Driven To Perform (DTP) is an auto show billed as Western Canada's largest and most established automotive lifestyles tour and originally featured mainly import tuner sport compact cars. The inaugural show was held in Vancouver, BC in 2002 as Import Showoff Canada, but has since changed its name and expanded to include other vehicle types and into the other large metropolitan cities in this region of Canada. Major sponsors include Toyo Tires, Future Shop, Mobil1, Honda, Mazda, Lordco and Visions Electronics.

History
This particular format of showcasing tuner vehicles originated in the Southern California area of the United States with the event called Import Showoff and was the first of its kind. As the Canadian counterpart, this series followed suit and were produced as Import Showoff Canada in 2002 and 2003 until sponsor Toyo Tires purchased the titling rights and renamed the shows to their current name in 2004.  In fact, "Driven To Perform" ("au-delà de la performance" in French) is a trademarked advertising slogan used by Toyo Tires.  The tour first expanded to include Calgary, Alberta in 2003, Edmonton in 2005, and then Winnipeg, Manitoba in 2008.  Although traditionally associated with import tuner sport compact cars, the events now feature everything from street rods to supercars, DUB-style to racecars, and lowriders to classic cars.  Streetbikes, RC cars and other specialty vehicles have also played a big part in the DTP shows since the beginning.

Description
As a trade and consumer show, exhibitors market and sell various aftermarket products and services for cars ranging from mobile audio-video equipment to engine oils and lubricants.  More recently, non-automotive companies like Pepsi, SoBe and Solo Mobile have participated in the Driven To Perform events to target the young, affluent and traditionally male demographics. Frequently, spokesmodels are present to attract showgoers and to pose for photographs alongside cars.  These models are also known as import models or booth babes and have gained massive popularity among those in the import scene and now beyond into mainstream media and pop culture. Increasingly, music (mostly hip-hop, urban and electronica) and dance have become a large part of the Driven To Perform tour.  Whether its DJs spinning the latest tracks, up and coming recording artists performing onstage or B-boys and Go-Go dancing, the lights, the sound and the movement are now an unavoidable staple of these multi-faceted events. The Canadian Street Dance Competition held annually within the Vancouver stop of the tour has in recent years grown to become its own standalone show; especially amongst the street dance community.  Though conceptually different in theme, execution and scope, DTP shares many similarities and has been compared to the Hot Import Nights series operating in the USA, although much smaller and with fewer attendees.

Events
Driven To Perform hosts one-day events in four of the largest metropolitan areas in Western Canada; usually in the summer, between the months of May and July.  These four areas include Vancouver CMA (Surrey), Calgary CMA, Edmonton CMA, Winnipeg CMA, and not coincidentally, three of these are also the fastest growing and only Canadian cities west of Ontario with populations exceeding 1,000,000 persons. They rank 3rd, 5th, 6th and 8th, respectively, in the list of the largest cities in Canada only behind Toronto CMA (Mississauga) (1st), Montreal CMA (Laval) (2nd), Ottawa–Gatineau CMA (4th), and Quebec City CMA (Lévis) (7th).
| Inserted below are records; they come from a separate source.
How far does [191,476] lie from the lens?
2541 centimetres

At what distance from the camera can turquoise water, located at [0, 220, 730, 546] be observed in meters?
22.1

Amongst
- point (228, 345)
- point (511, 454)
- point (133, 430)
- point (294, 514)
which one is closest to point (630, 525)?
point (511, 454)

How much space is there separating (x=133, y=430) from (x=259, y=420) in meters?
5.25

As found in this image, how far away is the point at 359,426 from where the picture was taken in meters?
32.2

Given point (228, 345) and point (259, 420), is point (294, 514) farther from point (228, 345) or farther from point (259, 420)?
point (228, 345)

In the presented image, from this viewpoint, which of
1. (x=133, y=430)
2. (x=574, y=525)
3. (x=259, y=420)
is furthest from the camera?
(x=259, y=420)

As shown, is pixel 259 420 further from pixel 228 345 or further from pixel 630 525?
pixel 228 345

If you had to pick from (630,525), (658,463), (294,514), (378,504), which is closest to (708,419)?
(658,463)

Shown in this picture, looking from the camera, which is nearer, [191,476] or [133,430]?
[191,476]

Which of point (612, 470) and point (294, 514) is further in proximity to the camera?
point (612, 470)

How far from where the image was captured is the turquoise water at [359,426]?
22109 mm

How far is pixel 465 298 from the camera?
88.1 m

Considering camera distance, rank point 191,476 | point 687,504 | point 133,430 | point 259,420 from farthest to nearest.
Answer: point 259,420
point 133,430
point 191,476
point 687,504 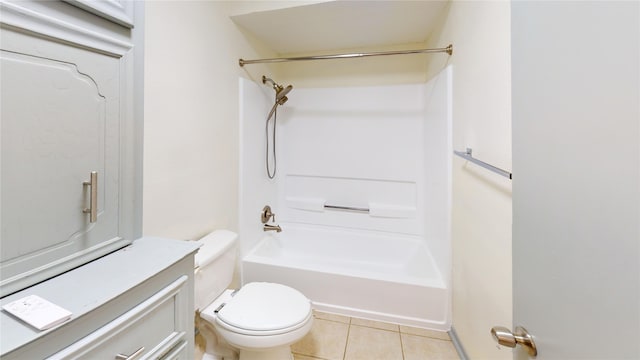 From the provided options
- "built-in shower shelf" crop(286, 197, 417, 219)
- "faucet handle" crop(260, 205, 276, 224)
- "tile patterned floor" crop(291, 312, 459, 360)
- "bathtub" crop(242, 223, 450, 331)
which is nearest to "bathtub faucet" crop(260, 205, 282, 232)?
"faucet handle" crop(260, 205, 276, 224)

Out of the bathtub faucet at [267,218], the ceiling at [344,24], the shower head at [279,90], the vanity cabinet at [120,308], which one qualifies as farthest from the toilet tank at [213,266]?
the ceiling at [344,24]

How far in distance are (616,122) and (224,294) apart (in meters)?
1.68

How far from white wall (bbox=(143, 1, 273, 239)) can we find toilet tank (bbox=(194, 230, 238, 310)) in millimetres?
148

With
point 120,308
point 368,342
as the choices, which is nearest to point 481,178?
point 368,342

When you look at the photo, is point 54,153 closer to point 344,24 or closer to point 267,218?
point 267,218

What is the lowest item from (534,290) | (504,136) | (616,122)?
(534,290)

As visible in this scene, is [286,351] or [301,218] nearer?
[286,351]

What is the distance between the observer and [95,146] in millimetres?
777

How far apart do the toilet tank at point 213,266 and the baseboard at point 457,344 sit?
1.45 m

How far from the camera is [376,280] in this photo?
1.80 meters

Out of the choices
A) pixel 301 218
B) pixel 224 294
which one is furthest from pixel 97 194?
pixel 301 218

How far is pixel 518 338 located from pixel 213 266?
4.27 ft

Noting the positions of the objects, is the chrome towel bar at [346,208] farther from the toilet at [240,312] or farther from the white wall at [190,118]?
the toilet at [240,312]

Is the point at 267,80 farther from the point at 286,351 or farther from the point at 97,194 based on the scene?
the point at 286,351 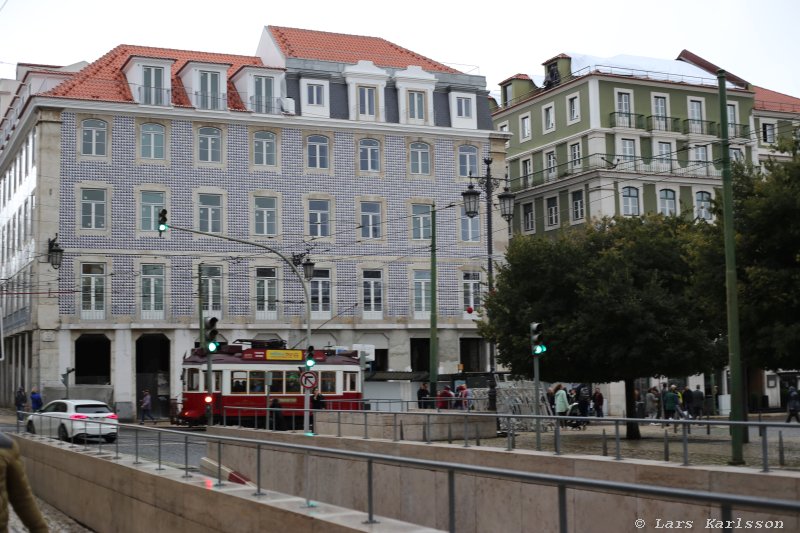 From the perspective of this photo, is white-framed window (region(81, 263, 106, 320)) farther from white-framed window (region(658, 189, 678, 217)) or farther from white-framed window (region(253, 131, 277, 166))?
white-framed window (region(658, 189, 678, 217))

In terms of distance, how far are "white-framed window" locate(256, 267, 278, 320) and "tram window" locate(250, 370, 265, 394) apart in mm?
11474

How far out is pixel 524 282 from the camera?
34031mm

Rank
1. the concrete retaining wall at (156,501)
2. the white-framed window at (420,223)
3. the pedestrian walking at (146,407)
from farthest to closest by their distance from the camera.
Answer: the white-framed window at (420,223), the pedestrian walking at (146,407), the concrete retaining wall at (156,501)

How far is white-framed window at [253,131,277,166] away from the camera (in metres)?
56.5

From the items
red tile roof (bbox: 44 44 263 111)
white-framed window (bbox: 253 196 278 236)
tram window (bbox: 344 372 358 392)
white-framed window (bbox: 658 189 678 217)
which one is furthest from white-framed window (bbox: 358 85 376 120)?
white-framed window (bbox: 658 189 678 217)

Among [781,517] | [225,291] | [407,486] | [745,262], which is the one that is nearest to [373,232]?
[225,291]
The shows are open to the public with general admission ticket prices between CAD$15 and $20.  Individuals who wish to enter their vehicles into competition at the events must pay a higher registration fee but are typically compensated with complimentary VIP access for themselves.  In addition to cars, all DTP shows also feature separate competitions for performance motorbikes, R/C cars, and even a street dance competition for hip-hop dancers.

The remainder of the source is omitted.